Now this is a TICKET © Qantas

Now this is a TICKET © Qantas

And photos or old fashioned letters to home from a generation that didn’t go on flying holidays that lasted for  weeks, but trips that lasted one or more years.

The 'must have' school bag at the dawn of the jet age © Qantas

The 'must have' school bag at the dawn of the jet age © Qantas

7 Comments

  1. Josh
    Posted July 29, 2009 at 5:34 pm | Permalink

    “There were only 60 seats in tourist class, and 24 in a first class that while not as spacious as business class today, came with a quality of catering and personal attention not found on any of the airliners of the present.”

    Yeah but how much was a return airfare in today’s dollars.

  2. Ben Sandilands
    Posted July 29, 2009 at 5:58 pm | Permalink

    The fares were so expensive that for some years afterwards it was less costly for young Australians to sail for weeks on ocean liners and be fed three times a day than pay for an air fare. Hence my reference to the habit, before jets became more routinely affordable, to holidays that were not measured in weeks but years.
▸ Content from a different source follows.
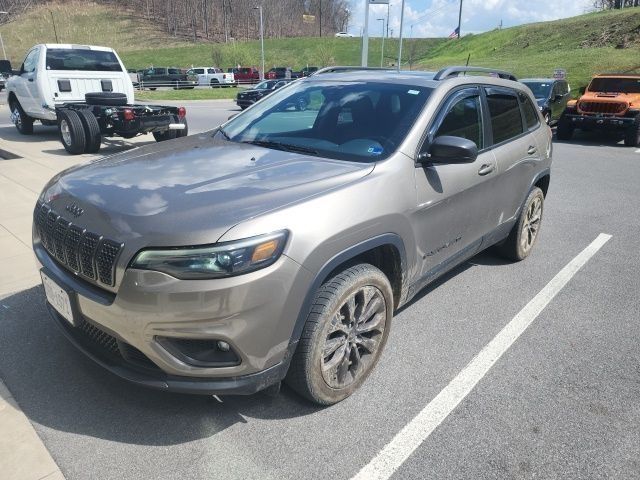Light Brownstone Pearlcoat 2021 Jeep Cherokee Latitude Lux 4WD SUV / Crossover Four-Wheel Drive 9-Speed Automatic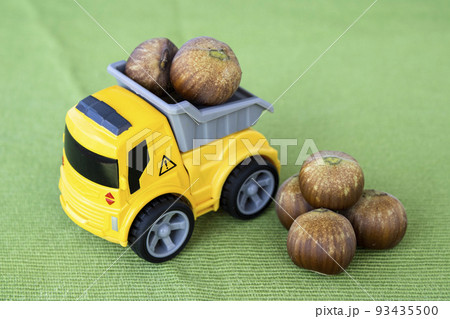 Hazelnut kernel. Hazelnut harvest. Shelled hazelnuts and close-up 93435500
    By about 1964 the time/money equation tipped strongly to jets, and the costs of ocean travel went north while those of airliners went south. Australians also became more prosperous. Car ownership that had been rare became common, the consumer economy began to resemble that of the US of the 50s, and lots of changes, seen more sharply in hindsight, began to work through ‘our’ world.

    The bands stopped playing, the streamers were no longer held dockside, the great passenger liners vanished, the skyscrapers rose, and different work and play cultures took root.
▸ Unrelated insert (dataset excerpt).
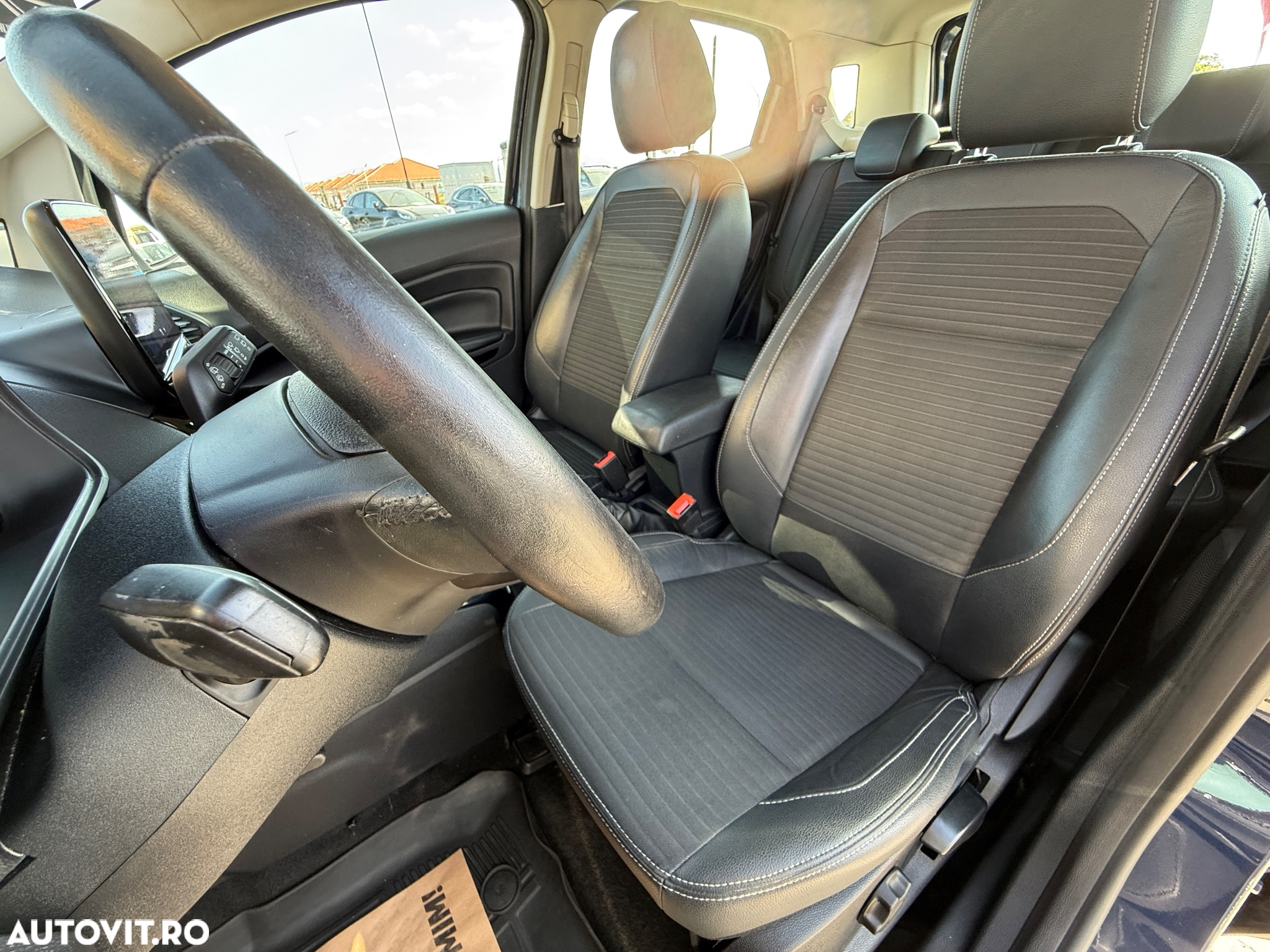 Ford EcoSport 1.5 EcoBlue Titanium - 17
    The past was not paradise, nor convincingly of more merit that current times, but it was certainly remarkably different, and I do not glimpse a 707 or similar without connecting with it.

  3. spacedog
    Posted July 29, 2009 at 10:53 pm | Permalink

    Thanks for this story Ben. A big month for aerospace anniversaries with the moon landings etc. Next month is an anniversary for communication satellites. Also 50 years since the first 707 crash with fatalities.

    Two things I notice in respect to the 707 footage: the tourist-class seats appear to have more width and pitch than economy-class seats in our current wide-bodied jets, and everybody is so well dressed. Most men appear to be wearing jackets and ties. How costs and times have changed.

  4. bobm
    Posted July 30, 2009 at 11:06 am | Permalink

    “Qantas flight EM774, a Qantas 707-138 took off at 3.35 pm on 29 July 1959 for San Francisco via Nadi and Honolulu, and made the trip in only 14 hours 57 minutes.”
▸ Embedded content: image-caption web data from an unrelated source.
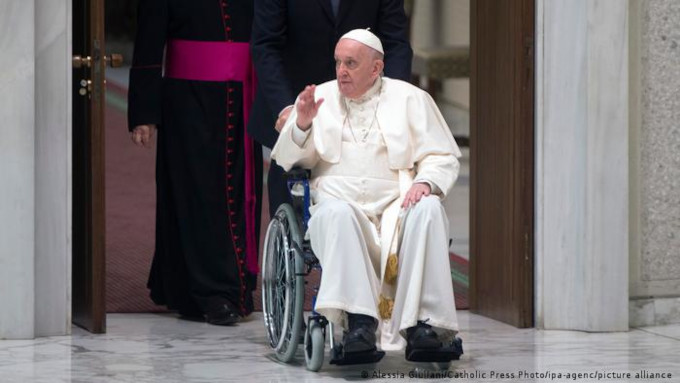 El Papa no oficiar la Misa del Corpus Christi debido a sus problemas con la rodilla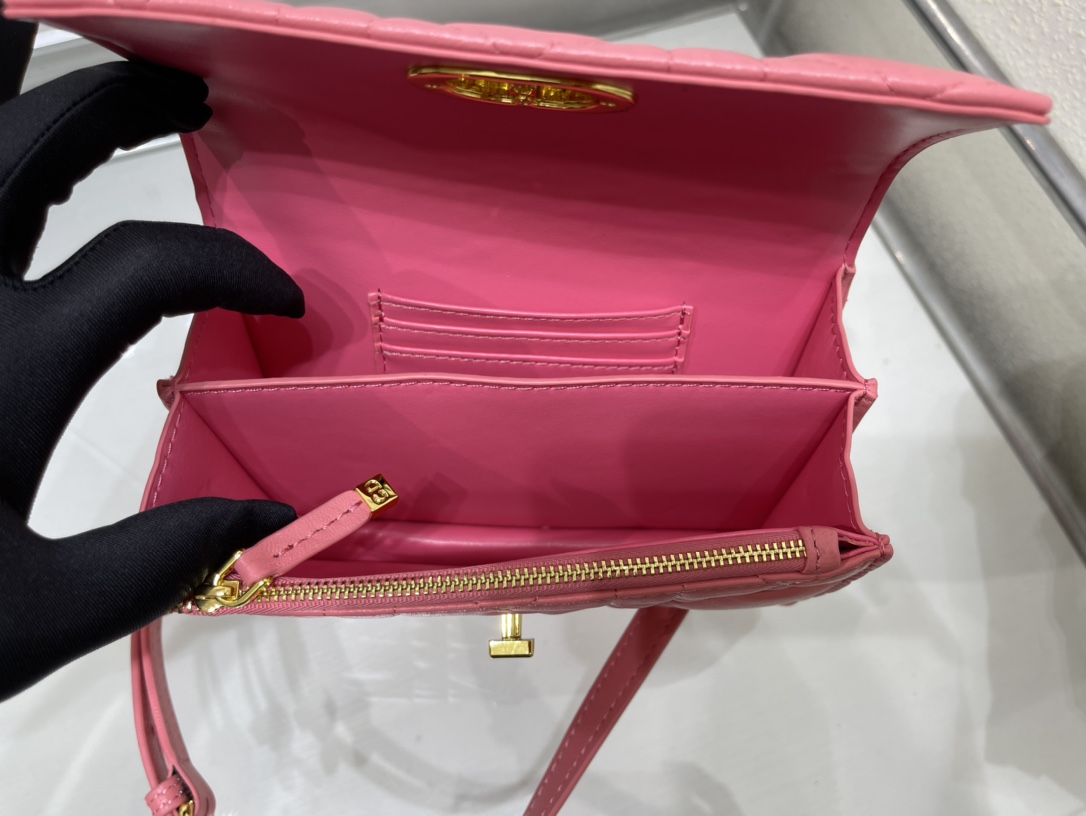 DR handbag gallery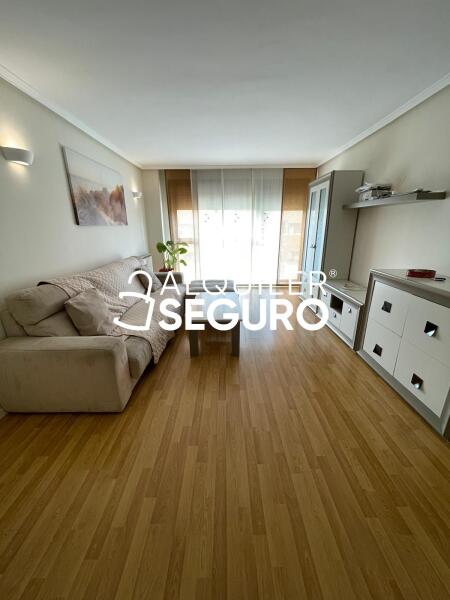 Inmueble en Calle Campanas , MADRID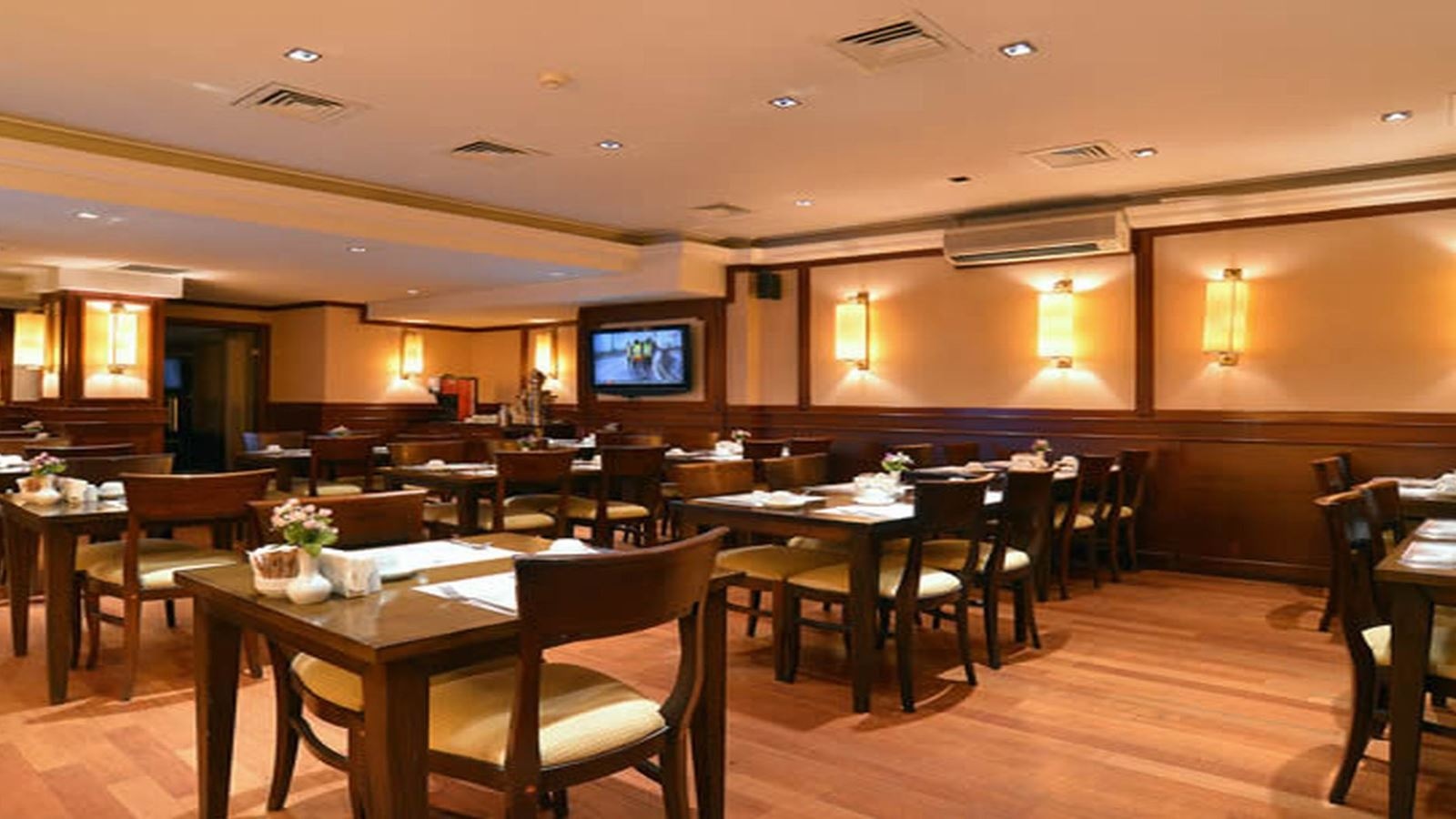 restaurants-restaurants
    Wow … 2 fuelling (I presume) stops enroute and the trip still only took an hour or so more than today’s non-stop flights take!! 50 years of technology and what have we got … planes that fly further and with lots more passengers, but can’t get where they’re going any quicker!

  5. Ben Sandilands
    Posted July 30, 2009 at 11:23 am | Permalink

    I was surprised too. The early 707s were somewhat faster than the later versions and had a greater wing sweep, which was changed in the interests of better fuel economy and more range, but came with reduced cruise speed and also happened at much the same time the early turbo-jets were replaced by higher bypass turbo-fans.

    But it still seems to have been an amazingly quick flight, considering you cleared customs at Honolulu before going on to San Francisco.

  6. Malcolm Street
    Posted July 30, 2009 at 12:34 pm | Permalink

    Apart from speed, the jet revolutionised transcontinental transport in two other ways: safety and reliability. The jet engine was far more reliable than the big piston engines (can’t confirm, but someone told me that the Connies on the Oz-London route used to carry a spare engine in cargo due to the frequency of engine failures) and the jets flew higher, getting them out of a lot of the bad weather.

  7. Tom Marshall
    Posted July 31, 2009 at 4:48 pm | Permalink

    That trip time is probably total flying time, hence the ~1 hour longer then today’s direct flight to take into account the increased time requried for the extra descents and climbs back to cruising altitude. If they were including total end to end time then there must be a couple of more hours at least on the ground. Mind you, US customs was probably a lot nicer and quicker back then then it is today!